And as Ted Butler has said just about every week for the last ten years, the Comex futures market in all the precious metals are all controlled by a handful of traders working collusively.  It's as simple as that.

Here's Nick Laird's "Concentration of Traders in the CFTC COT Report"...which has been converted to 'Days of world Production to cover Short Contracts'.  The red bar in the gold chart, the short positions of the four largest traders, is the smallest it has been since October 24, 2006 when gold was $578 an ounce.

(Click on image to enlarge)

Here's a pretty picture I stole from a marketwatch.com story that reader Scott Pluschau was kind enough to send me in the wee hours of yesterday morning...and I thought that eye candy like this was worth sharing.

(Click on image to enlarge)

I have the usual number of stories again today, a few of which I've been saving for Saturdays' column...and I hope you can find the time in what's left of your weekend to read through the ones that interest you.

 

¤ Critical Reads

Top 50 Safest Global Banks

For banking safely, global citizens had better go to the local government. And pretty much avoid the U.S.
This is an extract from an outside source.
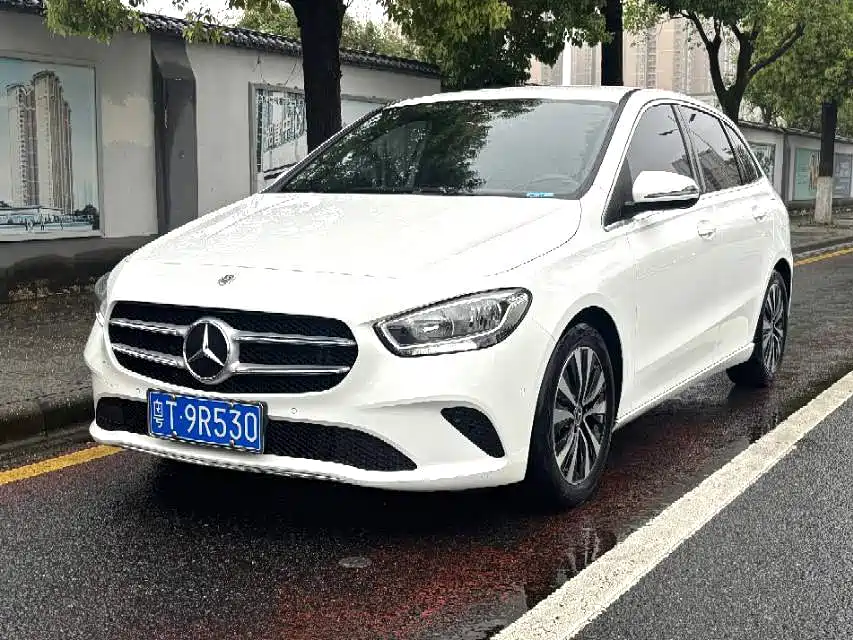 Mercedes-Benz B-Class 2021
No U.S. bank cracks the list until No. 29 with Bank of New York Mellon, the trust bank that last year threatened to start charging for deposits when customers flooded it with cash.
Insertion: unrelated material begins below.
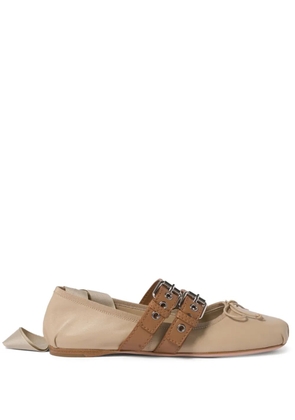 Miu Miu buckled ballet pumps - Neutrals
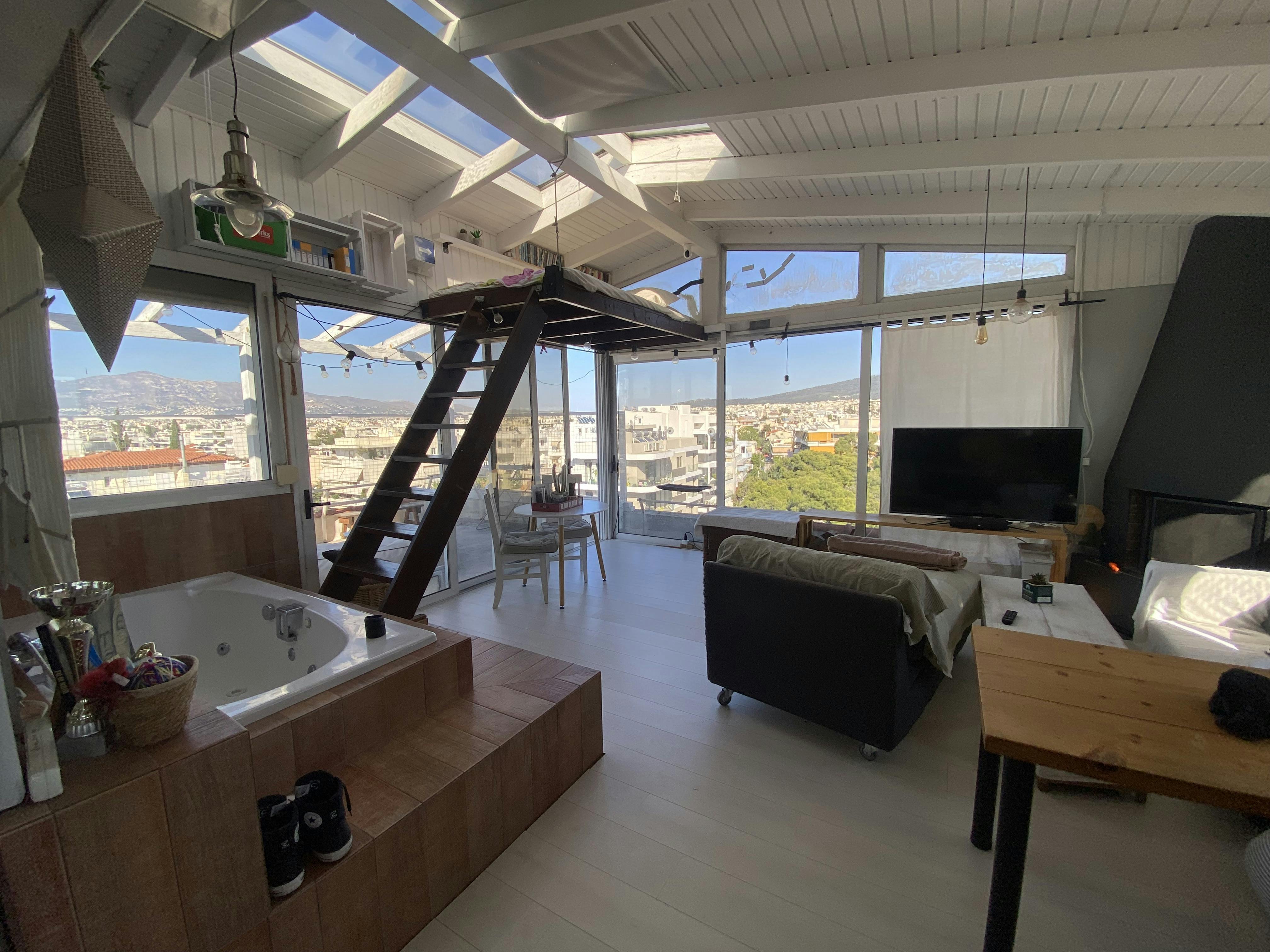 Appartement à louer pour 950 €/mois à Khalándrion, Ipirou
The top three U.S. banks by assets, J.P. Morgan, Bank of America and Citigroup, miss the cut altogether. Wells Fargo, the fourth-biggest U.S. bank comes in at 48th, just ahead of the Standard Chartered in the U.K.  J.P. Morgan had been No. 34 last year.

But those on the list had better not rest on their supposedly safe laurels.
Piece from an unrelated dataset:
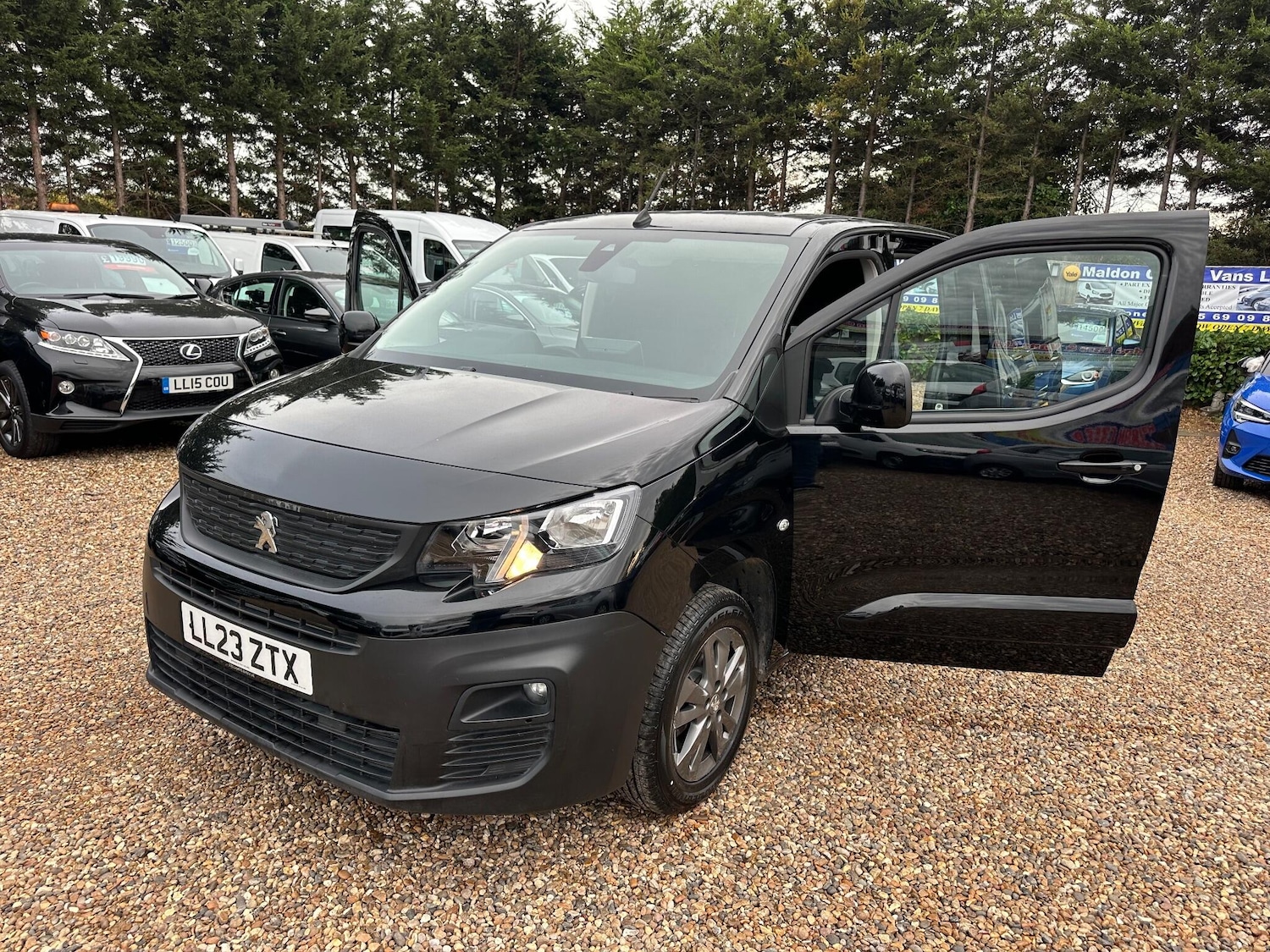 Used Peugeot Partner 2023 for sale - 76457304: Photo 21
This story was posted on The Wall Street Journal Internet site early Thursday evening...and I thank Donald Sinclair for sending it.  The link is here.

Read more...

The End of Reason: What Potatoes Say about the State of US Democracy

He has climbed the highest peaks in the Rocky Mountains, he is in excellent physical condition, and he could easily serve as the face of a marketing campaign to promote healthy living. In his 14th year in the US Congress, Colorado Senator Mark Udall is standing in front of his seat in the Senate, in the second-to-last row on the Democratic side of the aisle, talking about pizza and French fries. "Let's be honest," says Udall. "Anything can be fried or drowned in any number of fats."

It's the core of his argument against the new guidelines that President Barack Obama wants to see enacted for school cafeterias. Obama had tried to separate healthy from unhealthy food in school cafeterias and have more vegetables served to students instead of just pizza and French fries.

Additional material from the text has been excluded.